Everything you need to know about our pension product and services. If you don’t find the answer you are looking for, you can reach out to our support team.

  • What is a Pension?

    Pension is a regular income received by a person at retirement when he/she stopped working because of having reached a certain age or based on health condition to cater for his/her needs at old age

  • What is an Retirement Savings Account (RSA)?

    A Retirement Savings Account (RSA) is an account opened by an employee or contributor with a PFA of choice into which all pension contributions and returns on investment are paid.

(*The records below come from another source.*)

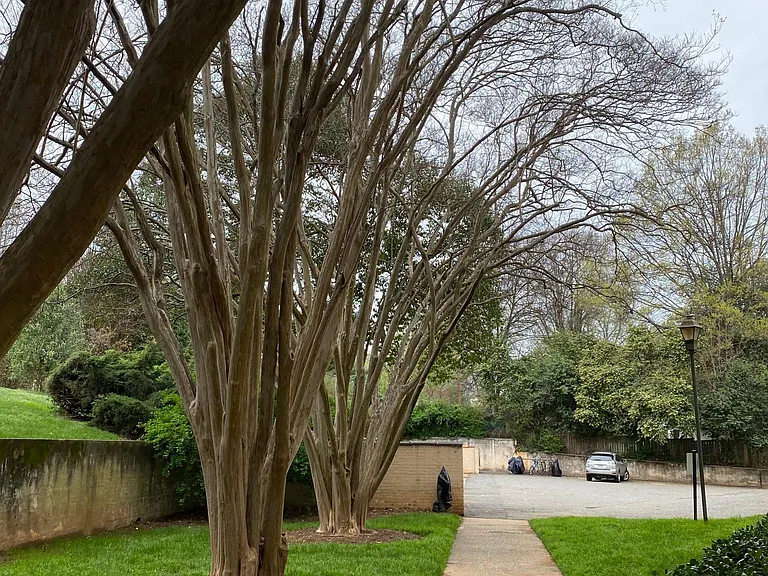 sidewalk to parking lot (around corner from this unit)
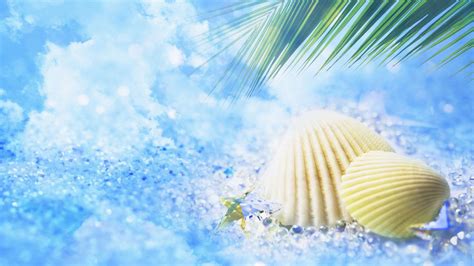 Cool Summer Backgrounds ·① Wallpapertag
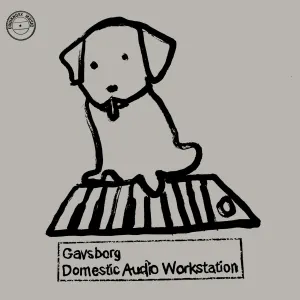 Pochette de Domestic Audio Workstation de Gavsborg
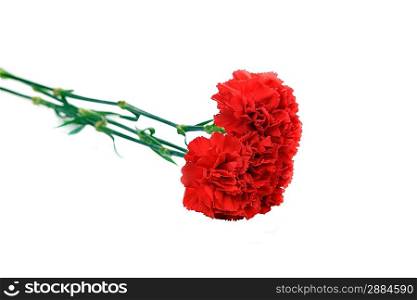 red cloves flower close up isolated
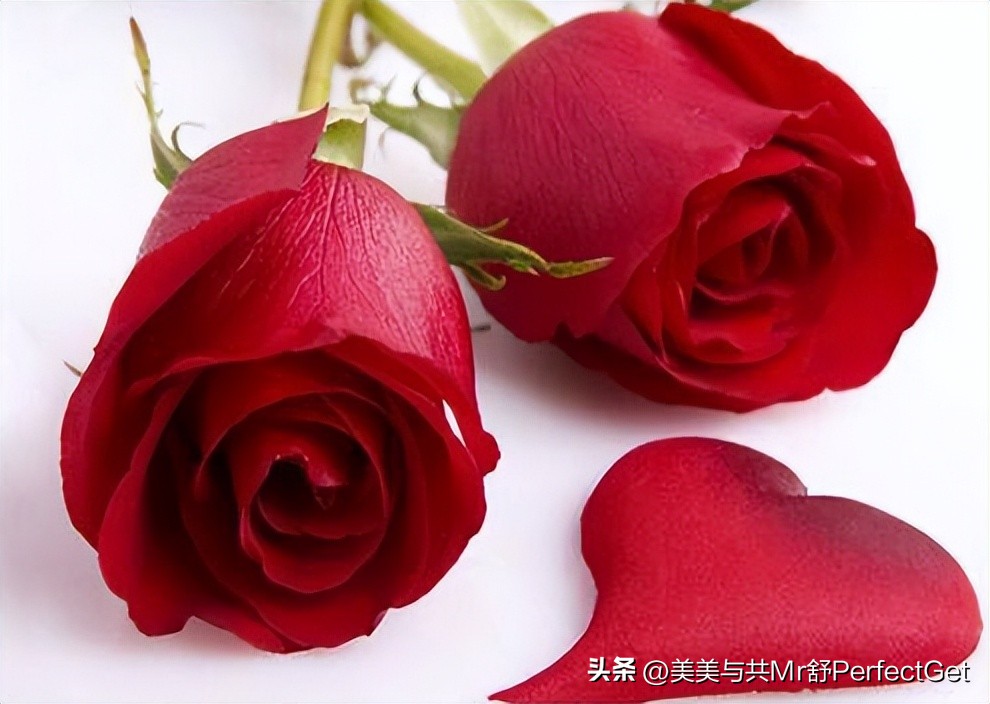 请教：抖音火山版与抖音短视频有什么区别？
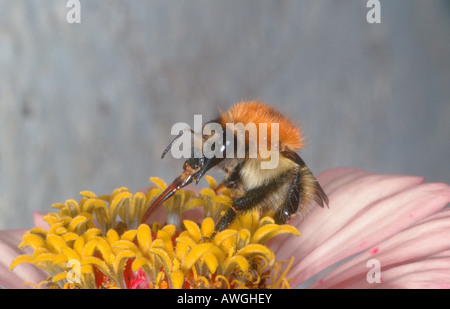 Common Carder Bumble Bee, Bombus pascuorum. Raccogliere il nettare sul fiore. Primo piano esteso della lingua Foto Stock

Every contributor under the contributory pension scheme (CPS) is expected to open RSA in his/her name with a PFA of his/her choice into which all his/her contributions and returns on investment are paid

  • Can I withdraw from my Retirement Savings Account (RSA) at any time?

    Contributors cannot withdraw money except at retirement or upon temporary loss of job and in all cases, withdrawals are subject to approval by the National Pension Commission (PenCom). The PFA is required to invest the money in allowable investment outlets and the income generated is fully credited into the RSA.

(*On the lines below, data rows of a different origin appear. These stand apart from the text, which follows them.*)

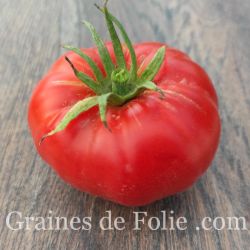 Bio TOMATE POTIRON ECARLATE graines semences anciennes certifiées AB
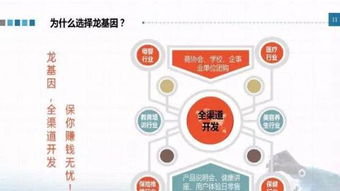 龍基因加盟 實(shí)體店培訓(xùn)成就火爆加盟店，教育信息咨詢(xún)助力創(chuàng)業(yè)成功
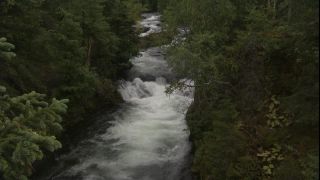 Link to Video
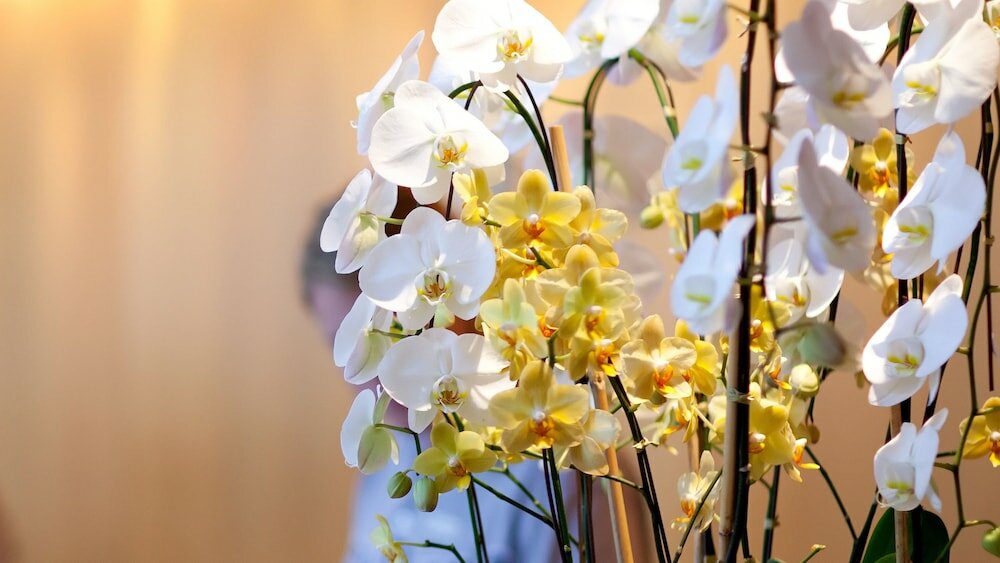 Фото Pleasant Valley Motel West Stockbridge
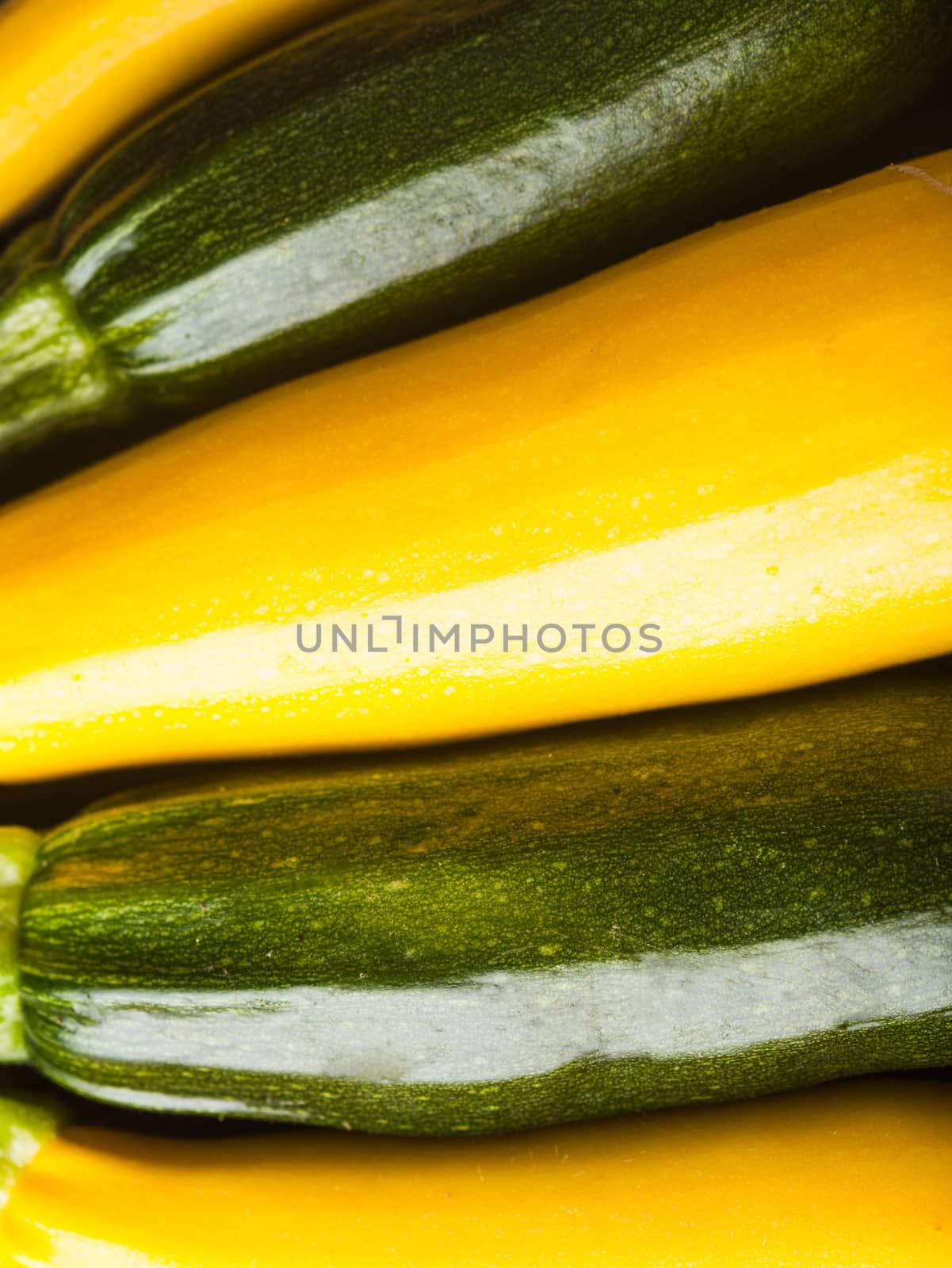 Yellow and green zucchini by oksix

  • Who is a Pension Fund Administrator (PFA)?

    A PFA is a company licensed by the National Pension Commission for the sole purpose of managing and administering pension funds contributed into the RSAs.

  • Who is a Pension Fund Custodian (PFC)?

    A PFC is a company licensed by the National Pension Commission to keep pension money and assets in the RSA on. trust for the employee on behalf of the PFA. The PFC receives pension contributions from employers on behalf of PFAs, settles investment transactions on the order of the PFA, effects payments of benefits and undertakes other administrative functions.

  • What is the Difference Between a PFA and a PFC?

    The PFA manages and invests the pension funds on behalf of contributors while the PFC keeps the pension funds and assets in safe custody and carries out transactions on behalf of the PFA.